• Problem requirements:
Needed from the data below: every line from the one with "Green Buoy Anchored" up to and including the one with "soaker tub Bathroom", repeated exactly and with nothing else.

• Data to examine:
---------------
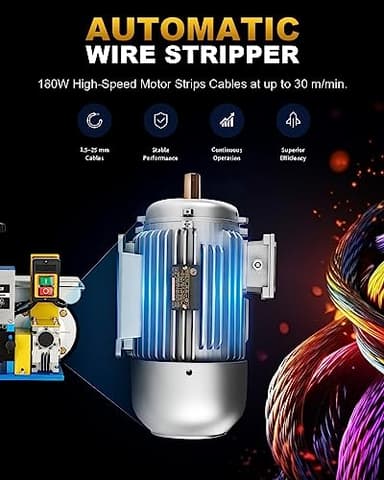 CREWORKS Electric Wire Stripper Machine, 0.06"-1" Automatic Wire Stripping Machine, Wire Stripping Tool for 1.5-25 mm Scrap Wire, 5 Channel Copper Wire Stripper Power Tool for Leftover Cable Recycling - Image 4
---------------
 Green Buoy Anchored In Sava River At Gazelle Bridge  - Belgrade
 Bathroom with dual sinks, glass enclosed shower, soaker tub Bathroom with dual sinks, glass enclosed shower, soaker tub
---------------
• Output for this task:
 Green Buoy Anchored In Sava River At Gazelle Bridge  - Belgrade
 Bathroom with dual sinks, glass enclosed shower, soaker tub Bathroom with dual sinks, glass enclosed shower, soaker tub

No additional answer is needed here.